## [Recorded information]
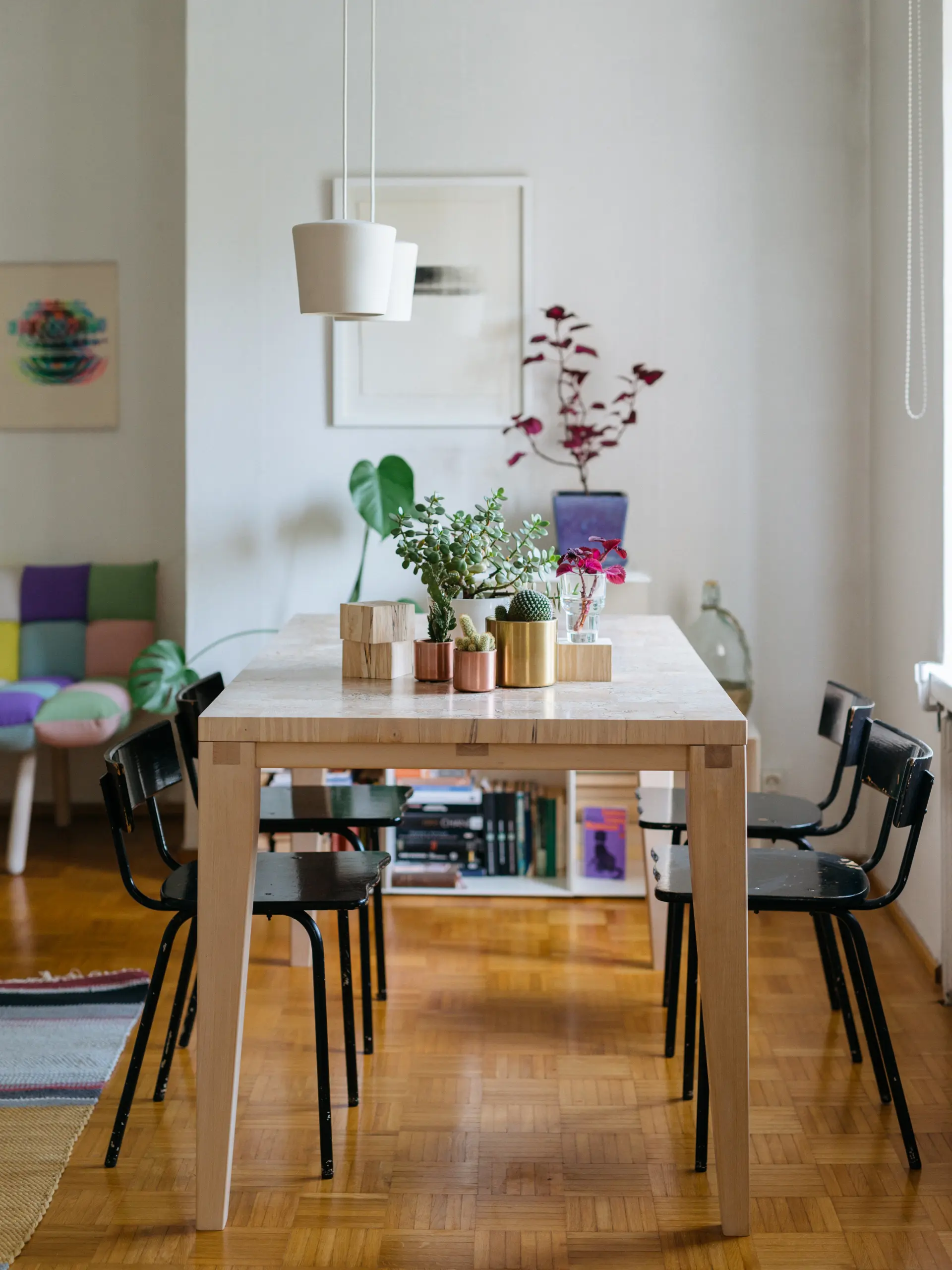 Leppänen Dining Table rotten birch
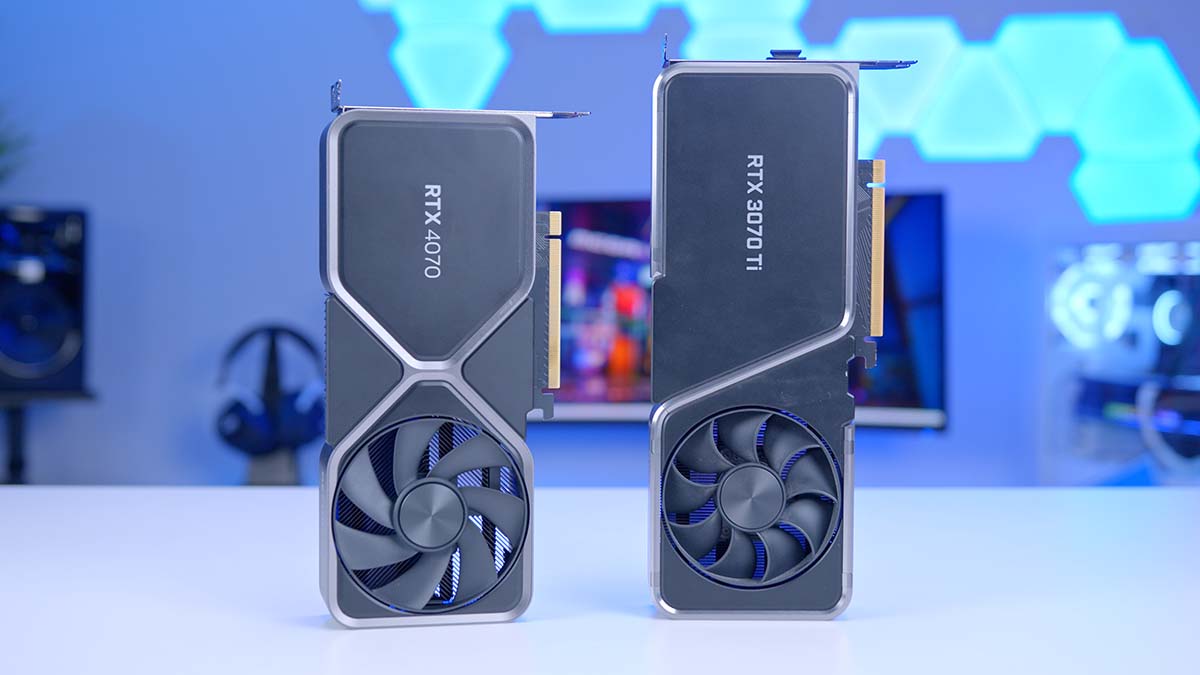 RTX 4070 vs RTX 3070 Ti Feature Image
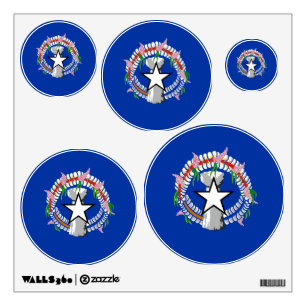 Northern Mariana Islands flag Wall Decal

## [What the task asks]
Copy out exactly the lines that run from the line containing "RTX 4070 vs RTX 3070 Ti Feature Image" through the last line of the material, and nothing more; omit the pictures.

## [Response]
 RTX 4070 vs RTX 3070 Ti Feature Image
 Northern Mariana Islands flag Wall Decal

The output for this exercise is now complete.